Schaller-Bock: Nein, gar nicht. Es gibt ja viele digitale Berufe, die schon seit Jahren existieren und die kaum ankommen. Ich sehe das nicht so sehr als Aufgabe der IHK. Da müssten eher die Schulen aktiv werden und mit den Unternehmen kooperieren. Ein Problem ist auch, dass der klassische Abiturient ja immer denkt, er muss sofort studieren gehen, weil das von den Gymnasien so getriggert wird. Für sie kommt es gar nicht infrage, eine Ausbildung zu machen.

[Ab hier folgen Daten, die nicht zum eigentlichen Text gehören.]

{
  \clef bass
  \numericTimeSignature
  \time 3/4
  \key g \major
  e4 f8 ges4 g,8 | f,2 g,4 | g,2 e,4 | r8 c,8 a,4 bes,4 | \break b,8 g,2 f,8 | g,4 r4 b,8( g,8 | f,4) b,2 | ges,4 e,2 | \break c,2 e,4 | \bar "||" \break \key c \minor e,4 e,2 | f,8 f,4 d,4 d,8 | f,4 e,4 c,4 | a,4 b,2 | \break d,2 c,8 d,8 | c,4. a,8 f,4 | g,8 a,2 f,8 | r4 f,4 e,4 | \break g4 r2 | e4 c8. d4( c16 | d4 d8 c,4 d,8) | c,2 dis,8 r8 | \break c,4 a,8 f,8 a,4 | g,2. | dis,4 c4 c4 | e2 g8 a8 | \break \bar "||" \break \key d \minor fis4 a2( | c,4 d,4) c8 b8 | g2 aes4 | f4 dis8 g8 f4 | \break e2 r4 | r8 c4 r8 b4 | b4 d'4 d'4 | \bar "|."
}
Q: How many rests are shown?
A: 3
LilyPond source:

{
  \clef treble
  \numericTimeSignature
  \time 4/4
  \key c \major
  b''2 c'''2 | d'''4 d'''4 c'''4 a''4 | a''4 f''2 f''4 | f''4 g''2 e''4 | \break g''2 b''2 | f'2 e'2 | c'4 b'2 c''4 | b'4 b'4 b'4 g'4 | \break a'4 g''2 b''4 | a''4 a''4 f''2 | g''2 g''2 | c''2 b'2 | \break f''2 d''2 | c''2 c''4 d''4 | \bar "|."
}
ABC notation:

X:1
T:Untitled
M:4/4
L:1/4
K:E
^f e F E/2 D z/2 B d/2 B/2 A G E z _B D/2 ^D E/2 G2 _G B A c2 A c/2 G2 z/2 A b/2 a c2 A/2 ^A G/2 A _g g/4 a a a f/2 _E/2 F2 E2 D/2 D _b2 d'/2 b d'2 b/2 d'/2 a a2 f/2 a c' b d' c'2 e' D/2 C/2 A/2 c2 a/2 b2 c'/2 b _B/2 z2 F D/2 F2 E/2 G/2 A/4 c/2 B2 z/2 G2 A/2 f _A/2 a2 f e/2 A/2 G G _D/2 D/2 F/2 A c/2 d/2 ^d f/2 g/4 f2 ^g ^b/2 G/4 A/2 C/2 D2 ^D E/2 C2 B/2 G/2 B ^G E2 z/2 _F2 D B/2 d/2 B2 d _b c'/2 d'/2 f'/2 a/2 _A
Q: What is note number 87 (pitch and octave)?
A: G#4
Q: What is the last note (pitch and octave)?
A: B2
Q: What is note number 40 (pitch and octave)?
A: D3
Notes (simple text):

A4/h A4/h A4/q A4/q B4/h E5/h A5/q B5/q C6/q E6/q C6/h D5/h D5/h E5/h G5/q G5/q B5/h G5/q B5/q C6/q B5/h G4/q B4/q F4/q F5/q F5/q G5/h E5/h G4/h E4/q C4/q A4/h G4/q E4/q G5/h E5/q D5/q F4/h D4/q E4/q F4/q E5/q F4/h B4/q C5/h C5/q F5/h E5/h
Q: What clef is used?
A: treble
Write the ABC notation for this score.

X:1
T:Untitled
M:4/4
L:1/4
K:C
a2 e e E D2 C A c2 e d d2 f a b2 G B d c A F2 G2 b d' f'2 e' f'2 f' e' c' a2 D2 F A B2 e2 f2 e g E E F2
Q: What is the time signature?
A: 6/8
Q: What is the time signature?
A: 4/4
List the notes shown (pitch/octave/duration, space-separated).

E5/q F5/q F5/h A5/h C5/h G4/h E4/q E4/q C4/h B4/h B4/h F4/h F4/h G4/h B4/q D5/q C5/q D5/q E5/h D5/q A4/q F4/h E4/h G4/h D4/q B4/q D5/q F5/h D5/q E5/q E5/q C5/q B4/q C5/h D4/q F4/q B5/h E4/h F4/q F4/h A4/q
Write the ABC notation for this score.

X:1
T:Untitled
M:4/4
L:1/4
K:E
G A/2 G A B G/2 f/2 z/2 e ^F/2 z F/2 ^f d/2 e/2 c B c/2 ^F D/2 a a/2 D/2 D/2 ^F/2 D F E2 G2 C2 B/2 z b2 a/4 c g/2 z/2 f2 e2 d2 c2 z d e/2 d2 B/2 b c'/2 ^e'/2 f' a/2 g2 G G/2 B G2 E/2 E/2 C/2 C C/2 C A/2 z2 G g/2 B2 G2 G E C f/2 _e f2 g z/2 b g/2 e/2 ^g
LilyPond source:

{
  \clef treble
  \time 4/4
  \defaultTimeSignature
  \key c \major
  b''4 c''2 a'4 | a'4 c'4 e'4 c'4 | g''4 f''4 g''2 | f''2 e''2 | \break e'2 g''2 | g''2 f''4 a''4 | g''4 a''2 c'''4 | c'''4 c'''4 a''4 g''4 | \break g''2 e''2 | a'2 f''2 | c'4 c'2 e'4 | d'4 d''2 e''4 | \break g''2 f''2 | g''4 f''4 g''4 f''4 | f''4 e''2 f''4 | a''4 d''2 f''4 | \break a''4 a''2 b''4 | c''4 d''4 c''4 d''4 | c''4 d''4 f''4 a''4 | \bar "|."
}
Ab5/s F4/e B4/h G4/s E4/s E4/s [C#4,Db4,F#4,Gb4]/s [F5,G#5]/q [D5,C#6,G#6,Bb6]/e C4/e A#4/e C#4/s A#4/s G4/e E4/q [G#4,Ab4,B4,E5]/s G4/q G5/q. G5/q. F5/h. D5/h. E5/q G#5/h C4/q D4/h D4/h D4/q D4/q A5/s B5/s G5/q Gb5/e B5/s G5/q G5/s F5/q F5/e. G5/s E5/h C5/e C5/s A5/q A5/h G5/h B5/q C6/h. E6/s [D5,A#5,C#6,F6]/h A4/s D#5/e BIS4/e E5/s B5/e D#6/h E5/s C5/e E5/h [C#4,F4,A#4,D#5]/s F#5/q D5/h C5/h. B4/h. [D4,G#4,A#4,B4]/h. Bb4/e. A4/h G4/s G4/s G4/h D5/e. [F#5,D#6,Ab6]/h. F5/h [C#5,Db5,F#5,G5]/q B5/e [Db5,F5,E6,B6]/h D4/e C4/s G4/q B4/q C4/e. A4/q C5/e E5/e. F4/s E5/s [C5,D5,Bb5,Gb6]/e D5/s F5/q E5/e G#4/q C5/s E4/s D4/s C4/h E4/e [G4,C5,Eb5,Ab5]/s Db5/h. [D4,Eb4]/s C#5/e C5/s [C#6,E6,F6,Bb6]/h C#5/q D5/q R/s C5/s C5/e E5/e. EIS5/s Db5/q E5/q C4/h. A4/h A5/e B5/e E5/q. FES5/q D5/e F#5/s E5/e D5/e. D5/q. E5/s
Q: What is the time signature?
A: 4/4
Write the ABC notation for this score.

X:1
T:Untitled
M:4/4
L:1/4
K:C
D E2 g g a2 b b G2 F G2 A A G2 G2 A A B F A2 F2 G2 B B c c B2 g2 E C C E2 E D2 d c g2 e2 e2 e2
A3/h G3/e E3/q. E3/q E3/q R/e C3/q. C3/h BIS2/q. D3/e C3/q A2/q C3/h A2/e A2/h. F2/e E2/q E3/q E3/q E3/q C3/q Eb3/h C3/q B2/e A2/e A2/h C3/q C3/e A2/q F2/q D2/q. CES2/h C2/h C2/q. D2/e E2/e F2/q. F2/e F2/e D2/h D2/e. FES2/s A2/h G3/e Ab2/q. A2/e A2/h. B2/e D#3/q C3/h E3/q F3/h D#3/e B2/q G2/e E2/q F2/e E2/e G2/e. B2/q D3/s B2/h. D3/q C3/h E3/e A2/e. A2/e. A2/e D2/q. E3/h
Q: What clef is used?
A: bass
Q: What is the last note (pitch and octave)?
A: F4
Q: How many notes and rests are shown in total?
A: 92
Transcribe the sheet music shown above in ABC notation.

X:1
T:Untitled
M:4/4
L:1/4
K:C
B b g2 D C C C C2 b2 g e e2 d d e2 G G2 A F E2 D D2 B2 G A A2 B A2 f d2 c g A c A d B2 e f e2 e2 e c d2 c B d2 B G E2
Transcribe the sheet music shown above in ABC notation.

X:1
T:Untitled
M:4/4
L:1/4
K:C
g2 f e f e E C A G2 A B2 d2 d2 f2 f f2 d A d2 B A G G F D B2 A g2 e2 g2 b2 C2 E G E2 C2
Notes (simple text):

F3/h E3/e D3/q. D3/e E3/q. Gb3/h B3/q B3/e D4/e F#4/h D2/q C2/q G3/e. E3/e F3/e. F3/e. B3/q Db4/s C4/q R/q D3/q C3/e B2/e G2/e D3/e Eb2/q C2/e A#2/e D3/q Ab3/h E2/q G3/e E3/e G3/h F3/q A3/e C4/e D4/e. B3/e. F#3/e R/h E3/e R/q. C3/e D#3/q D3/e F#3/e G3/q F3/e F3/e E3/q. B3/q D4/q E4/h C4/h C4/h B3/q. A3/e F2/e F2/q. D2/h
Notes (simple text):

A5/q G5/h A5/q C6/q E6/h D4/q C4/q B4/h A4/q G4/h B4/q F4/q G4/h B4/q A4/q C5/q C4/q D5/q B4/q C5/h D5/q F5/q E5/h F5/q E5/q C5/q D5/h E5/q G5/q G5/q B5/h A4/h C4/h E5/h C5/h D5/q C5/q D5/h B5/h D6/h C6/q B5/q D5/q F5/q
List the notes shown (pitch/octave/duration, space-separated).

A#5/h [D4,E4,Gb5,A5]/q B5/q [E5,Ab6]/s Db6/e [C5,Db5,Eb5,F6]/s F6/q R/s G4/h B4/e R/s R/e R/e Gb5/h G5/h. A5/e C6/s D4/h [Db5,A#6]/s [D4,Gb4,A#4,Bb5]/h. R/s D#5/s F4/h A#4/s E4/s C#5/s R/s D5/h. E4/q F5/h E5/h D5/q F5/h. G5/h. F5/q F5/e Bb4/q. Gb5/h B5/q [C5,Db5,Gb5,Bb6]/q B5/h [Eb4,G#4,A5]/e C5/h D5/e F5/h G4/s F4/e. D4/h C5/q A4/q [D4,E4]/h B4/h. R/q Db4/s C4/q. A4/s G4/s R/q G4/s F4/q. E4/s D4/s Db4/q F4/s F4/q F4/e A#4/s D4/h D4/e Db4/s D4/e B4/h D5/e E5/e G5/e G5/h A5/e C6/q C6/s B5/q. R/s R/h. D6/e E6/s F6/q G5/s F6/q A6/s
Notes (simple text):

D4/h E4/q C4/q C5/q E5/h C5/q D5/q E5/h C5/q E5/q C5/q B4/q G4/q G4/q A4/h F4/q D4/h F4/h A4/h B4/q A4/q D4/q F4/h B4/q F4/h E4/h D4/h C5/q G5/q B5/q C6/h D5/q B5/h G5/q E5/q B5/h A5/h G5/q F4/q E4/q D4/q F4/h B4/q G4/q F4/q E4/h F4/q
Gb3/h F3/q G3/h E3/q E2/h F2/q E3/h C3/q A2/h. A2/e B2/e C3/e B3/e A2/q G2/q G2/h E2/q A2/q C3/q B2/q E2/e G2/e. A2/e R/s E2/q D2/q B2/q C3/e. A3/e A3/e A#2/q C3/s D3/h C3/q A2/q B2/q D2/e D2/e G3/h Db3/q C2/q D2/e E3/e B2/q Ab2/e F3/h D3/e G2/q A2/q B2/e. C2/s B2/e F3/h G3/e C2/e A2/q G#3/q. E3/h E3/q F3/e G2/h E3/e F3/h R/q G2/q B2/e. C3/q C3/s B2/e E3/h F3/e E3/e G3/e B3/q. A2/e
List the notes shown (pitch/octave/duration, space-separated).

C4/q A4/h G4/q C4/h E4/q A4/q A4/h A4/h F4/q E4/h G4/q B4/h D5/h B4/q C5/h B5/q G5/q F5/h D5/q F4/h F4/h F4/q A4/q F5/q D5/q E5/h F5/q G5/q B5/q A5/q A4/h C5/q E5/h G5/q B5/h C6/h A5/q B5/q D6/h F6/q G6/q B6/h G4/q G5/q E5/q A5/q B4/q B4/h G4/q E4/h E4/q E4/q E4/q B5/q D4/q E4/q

Aber Kaufleute im E-Commerce haben ein enormes Pensum, das man erst einmal bewältigen muss. Im Grunde ­suchen wir die eierlegende Wollmilchsau. Das würde ich nicht jedem jungen Menschen zutrauen, weil es extrem vielfältig und auch zahlenlastig ist.
com! professional: Trotz aller Hürden haben Sie zwei Auszubildende gefunden. Wie das?
Schaller-Bock: Na ja, die einzige Bewerbung, die wir hatten, war für den Beruf nicht geeignet. Dass wir jetzt tatsächlich zwei Auszubildende haben, war eher ein Zufall. Eine habe ich auf einer Messe getroffen. Sie hat mir erzählt, dass sie mit ihrer derzeitigen Ausbildung unglücklich ist. Die hat sie dann abgebrochen und ist zu uns gewechselt. Eine andere hatte sich ursprünglich als Mediendesig­nerin bei uns beworben, aber die Stelle war schon vergeben, und da habe ich ihr die Ausbildung zur E-Commerce-Kauffrau vorgeschlagen. Auch sie hatte ­davon zuvor noch nie etwas gehört.
com! professional: In den neuen Bundes­ländern wurden im vergangenen Jahr 123 Ausbildungsverträge für E-Commerce-Kaufleute abgeschlossen, in den alten Bundesländern waren es 1158. Haben Sie in Wittenberg einen Standortnachteil?
Schaller-Bock: Ich glaube nur in der Ausbildungssituation. Viele junge Menschen würden gern hierbleiben, haben aber keine Perspek­tive. Die nächste Berufsschule, die E-Com­merce-Kaufleute ausbildet, ist in Magdeburg. Die Azubis müssen dafür knapp zwei Stunden fahren – für die einfache Strecke. Das zweimal pro Woche kann ich fast keinem ­Bewerber vermitteln. Und selbst wenn es Blockunterricht wäre, gibt es keine bezahlbaren Unterkünfte. Wir zahlen unseren Auszubildenden zwar Fahrtzuschüsse, aber man muss sich doch fragen, ob man in einem digitalen Beruf nicht auch über digitale Klassenzimmer nachdenken müsste.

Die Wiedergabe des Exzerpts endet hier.